Tuesday, March 9, 2010

Two Weeks to Shamrock '10!

“Start by doing what's necessary; then do what's possible; and suddenly you are doing the impossible.” Francis of Assisi

         I’m so close to the marathon it is scary! The hardest part of the taper is slowing my eating down as much as I have slowed my running and not running harder and faster as the miles decrease.

        Last weekend I had the privilege of running a 5K with a good friend Danielle. She was a cross country runner in high school, but family and life had gotten in the way and she hadn’t run in years. When she was diagnosed with RA she didn’t think she would ever run again. When we met, the fact that I run and have RA blew her away, she was so excited about the prospect of getting back into running and getting back into shape!

         On the day of Danielle’s 5K, I was scheduled for a 16 mile long run so I headed out to the base, ran 4 miles to warm up, and then met her at the 5K start. It had been many years since Danielle had run more than 2 straight miles, but she was determined to finish the 5K without walking. We took it very slow, between 13 and 14 minutes per mile, but she kept running. It was hard for me to imagine that last year at this time, I was training for my first half marathon on this same stretch of blacktop, running at that same pace. Now running that slow just about kills me and I see only a tiny difference in my heart rate by slowing down so dramatically. With only a few beats per minute more, I can run 11 minute miles now.

           We didn’t talk much during the 5K. I would let her know as each half mile mark chirped from my Garmin, but we just ran side by side. As we approached the end and could see the finish line, Danielle was brought to tears. She couldn’t believe she was going to do it, finish a 5K without walking! She choked up so badly she nearly had to walk! Fortunately, she was able to calm down and keep plugging away. We crossed the finish line somewhere around 40 minutes and she was ecstatic! Unfortunately her RA flared up a bit the next day because of the extreme effort, but it didn’t last and she is looking forward to the next 5K in a few weeks.

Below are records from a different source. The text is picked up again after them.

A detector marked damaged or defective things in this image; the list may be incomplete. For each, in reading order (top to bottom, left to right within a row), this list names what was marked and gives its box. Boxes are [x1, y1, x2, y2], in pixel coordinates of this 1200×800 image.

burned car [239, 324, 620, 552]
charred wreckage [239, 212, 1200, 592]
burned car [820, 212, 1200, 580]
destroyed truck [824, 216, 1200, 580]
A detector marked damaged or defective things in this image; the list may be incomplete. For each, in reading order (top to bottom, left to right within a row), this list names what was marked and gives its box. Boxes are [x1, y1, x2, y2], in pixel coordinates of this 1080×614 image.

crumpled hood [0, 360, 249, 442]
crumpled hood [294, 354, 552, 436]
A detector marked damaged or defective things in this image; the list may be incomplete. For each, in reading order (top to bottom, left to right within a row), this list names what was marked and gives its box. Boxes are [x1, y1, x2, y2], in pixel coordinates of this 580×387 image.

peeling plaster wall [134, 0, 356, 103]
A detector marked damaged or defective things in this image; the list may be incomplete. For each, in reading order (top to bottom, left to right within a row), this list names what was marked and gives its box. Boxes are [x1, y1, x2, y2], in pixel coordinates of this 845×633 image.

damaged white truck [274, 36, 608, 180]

            It was such a wonderful thing to participate in that special event in her life. I may have been part of the spark that got her going, but the hard work and determination was all Danielle’s. I pointed out that it was almost 2 ½ years ago to the day that I ran my first ever 5K and now, in 2 weeks, I will run my first full marathon. I’m still constantly shocked at my own progress. Some days I feel like I only dreamed that 2 hour finish at the Outer Banks. When I run a 9 minute mile in training I think to myself, “Did I really run this fast for 2 straight hours!” I don’t think this is all that unusual. I think many of us constantly underestimate what our bodies can do. It is our minds that hold us back, not our muscles or bones.

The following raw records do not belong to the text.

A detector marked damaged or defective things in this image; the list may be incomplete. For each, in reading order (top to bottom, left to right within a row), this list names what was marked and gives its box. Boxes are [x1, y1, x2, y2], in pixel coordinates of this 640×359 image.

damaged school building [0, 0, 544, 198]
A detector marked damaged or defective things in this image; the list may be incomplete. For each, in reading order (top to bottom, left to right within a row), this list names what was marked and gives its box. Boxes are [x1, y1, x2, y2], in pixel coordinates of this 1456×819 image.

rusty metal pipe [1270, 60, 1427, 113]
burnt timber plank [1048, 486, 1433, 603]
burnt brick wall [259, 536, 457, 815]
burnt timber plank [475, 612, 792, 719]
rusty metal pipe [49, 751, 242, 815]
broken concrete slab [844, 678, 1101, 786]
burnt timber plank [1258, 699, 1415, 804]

         I realize now that when I run, I may be out there slogging away by myself, but I’m not running alone. When I cross that finish line in two weeks, I will cross it for every person diagnosed with RA, every middle ages house wife, every couch potato that is over 35 and wonders if it is not too late to get in shape. Getting out there as a real person, not some elite Olympian or lifelong runner with long lean muscles and years of training, shows people that marathons are for mortals. Normal people with a little grit and determination can do this. You don’t have to be fast, a 16 mpm average will get you over the line before the course closes. You do have to train, a LOT, marathons are not handed to you. Even walking for 26.2 miles is not something a person in good shape can just decide to do in an instant. It takes planning, hard work, and days of getting out there in all weather. Whether you feel like it or not you have to consistently put in the miles.

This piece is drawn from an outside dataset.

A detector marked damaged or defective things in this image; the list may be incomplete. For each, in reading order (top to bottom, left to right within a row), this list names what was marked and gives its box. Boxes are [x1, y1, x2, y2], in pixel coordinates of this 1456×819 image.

           So far this year I have kept up with my written log, recovered from nasty shin splints, and run just over 200 miles (20 of them barefoot). I believe I am a runner. I believe I can run a marathon. I believe I can inspire others to seek more from themselves. I started running because I needed to. I continued running because it helped me so much and I discovered it was something I COULD do for myself. And now, here I am, doing the impossible.